Two Days in Paris (Deux jours a Paris)

Critic's Pick Critics' Pick

(No longer in theaters)
  • Rating: R — for sexual content, some nudity and language
  • Director: Julie Delpy   Cast: Julie Delpy, Adam Goldberg, Daniel Bruhl, Ludovic Berthillot, Albert Delpy
  • Running Time: 96 minutes
  • Reader Rating: Write a Review

Genre

Comedy, Drama, Romance

Producer

Nikolaus Lohmann

Distributor

Samuel Goldwyn Film/Red Envelope

Release Date

Aug 10, 2007

Release Notes

NY/LA

Official Website

Review

Like Richard Linklater, whose film Before Sunrise made her famous, Julie Delpy does the handheld, semi-improvisational romantic-drama thing in her directorial debut, 2 Days in Paris. But the underlying sensibility isn’t Linklater’s. Who knew she wanted to be Diane Keaton in Annie Hall? She plays a high-strung, neurotic Frenchwoman (although her English is almost unaccented) in big glasses with a whining Jewish American boyfriend (Adam Goldberg) who has trouble being in the moment. As they stroll around the city in which she grew up, they meet one ex-lover after another. He becomes increasingly jealous (and does a Ben Stiller–like slow burn): Is she a total slut? She lies or makes defiant excuses. After all, her parents (played by Delpy’s actual parents) were counterculture free spirits who slept around, too. I kept waiting for a female point of view to emerge on this familiar, male-dominated genre. But, oddly, she pretty much concludes she was a slut before deciding she doesn’t have the strength for another breakup.

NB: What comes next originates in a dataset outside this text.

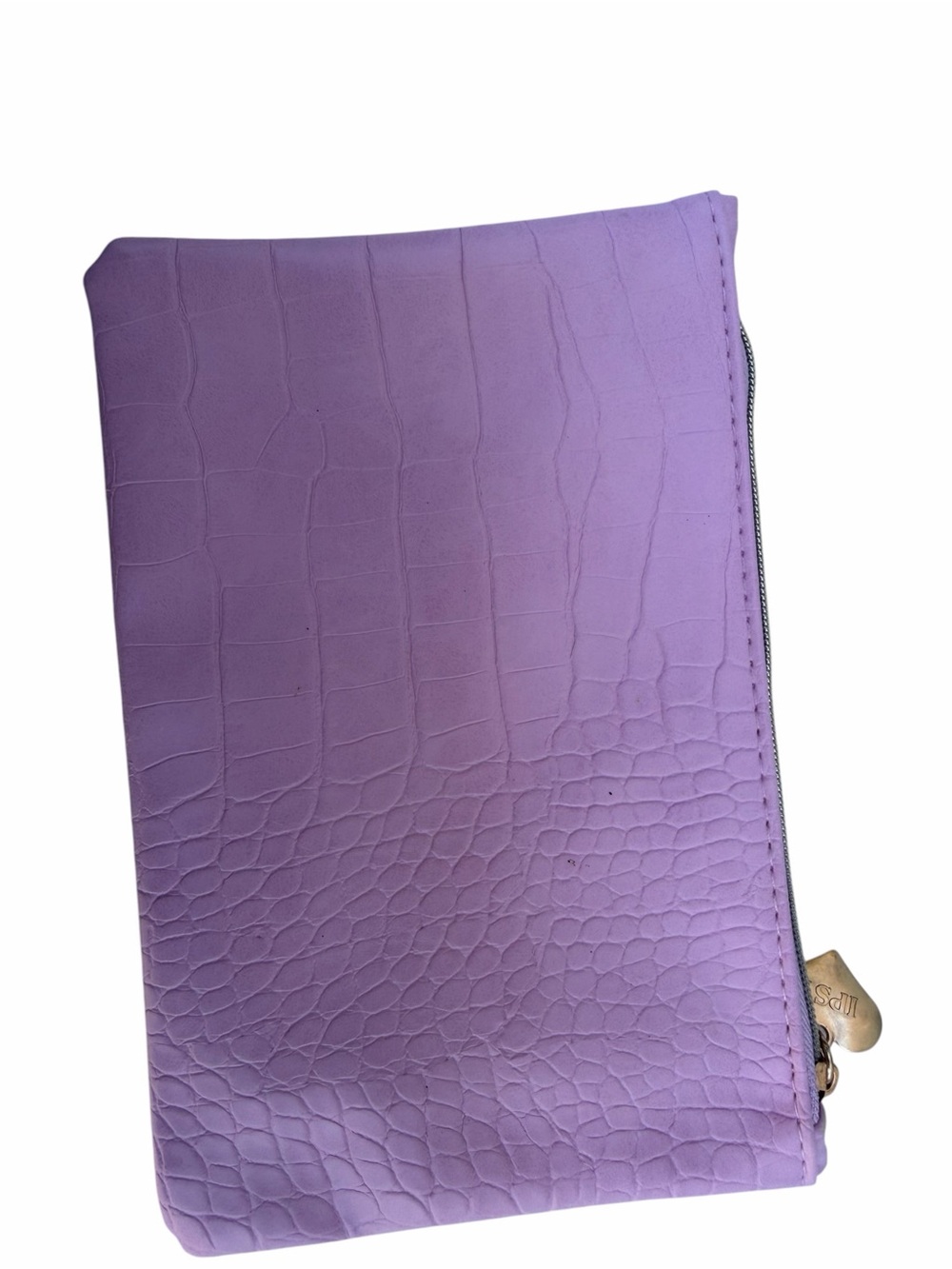 Pink Croc-Embossed Zip Pouch - Women Bags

I wish Goldberg kept more in reserve; he’s so easy to read that you get everything you’re going to in the first five minutes. But Delpy has surprises in her. 2 Days in Paris comes to life in a couple of scenes where she loses it—one in which she drunkenly insists she has food poisoning, another in which she tries to rip the head off a smarmy ex-boyfriend. The movie should be seen with a large, responsive audience—the better to live with it in the moment instead of worrying about where it’s going.